------ INPUT DATA

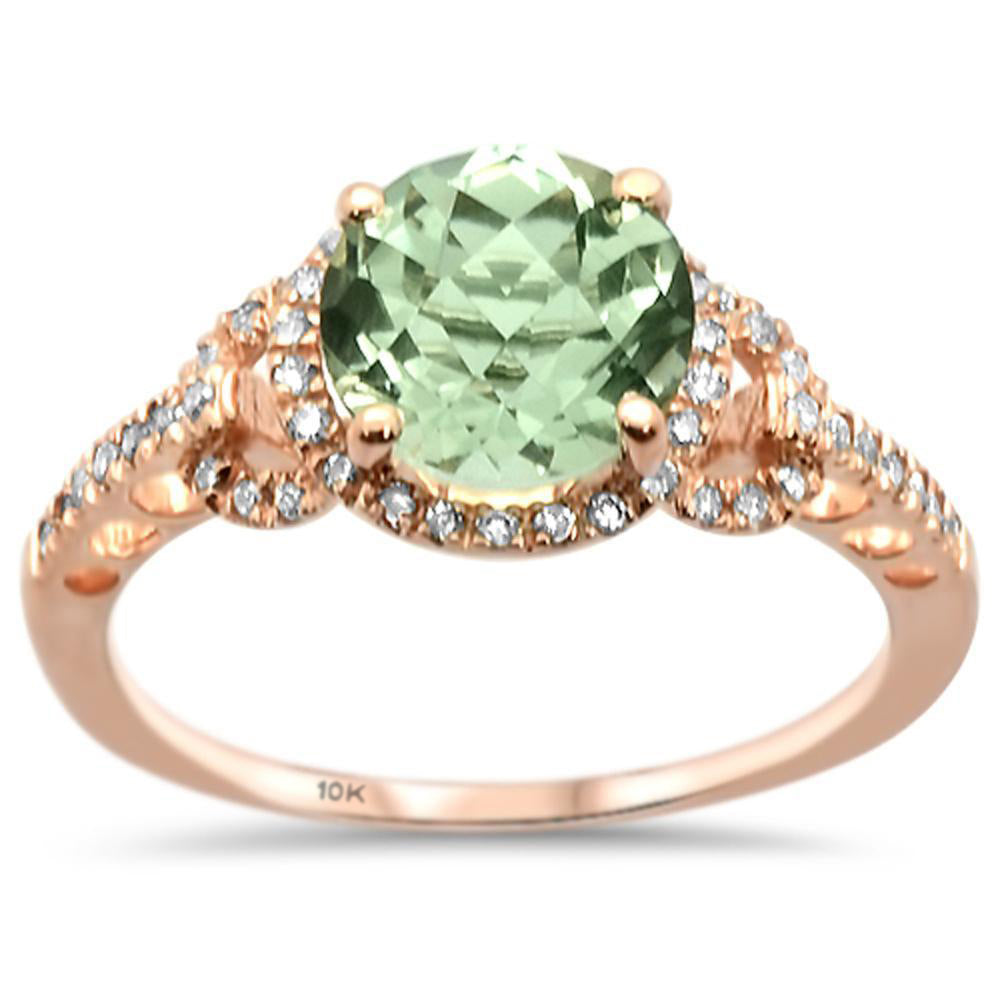 2.11cts 10k Rose Gold Round Green Amethyst Diamond Ring Size 6.5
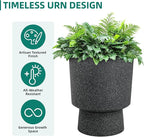 16.75"H Urn-Style Tall Planters, 2-Pack Modern Large Flower Pots for Outdoor Indoor, 2-in-1 Design Plant Containers for Garden Patio Yard Balcony Porch or Home Decor, White Terrazzo, UV-Protect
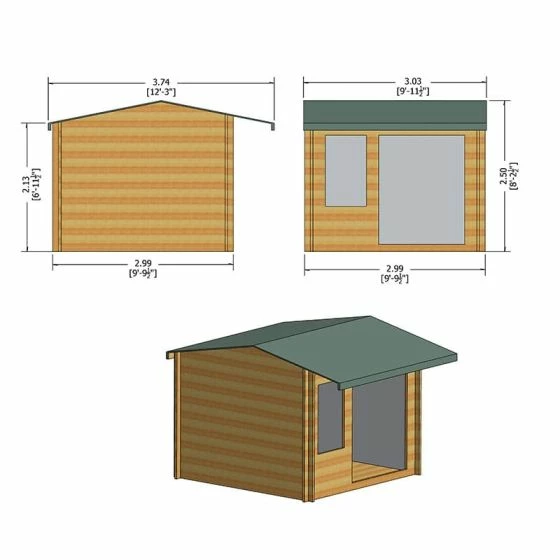 Shire Marlborough 3m X 3m Log Cabin Summerhouse (28mm) 5 Shire Marlborough 3m X 3m Log Cabin Summerhouse (28mm) - Image 3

------------

EXERCISE INSTRUCTIONS:
Give back an exact copy of the material above, omitting the pictures.

TASK OUTPUT:
 2.11cts 10k Rose Gold Round Green Amethyst Diamond Ring Size 6.5
 16.75"H Urn-Style Tall Planters, 2-Pack Modern Large Flower Pots for Outdoor Indoor, 2-in-1 Design Plant Containers for Garden Patio Yard Balcony Porch or Home Decor, White Terrazzo, UV-Protect
 Shire Marlborough 3m X 3m Log Cabin Summerhouse (28mm) 5 Shire Marlborough 3m X 3m Log Cabin Summerhouse (28mm) - Image 3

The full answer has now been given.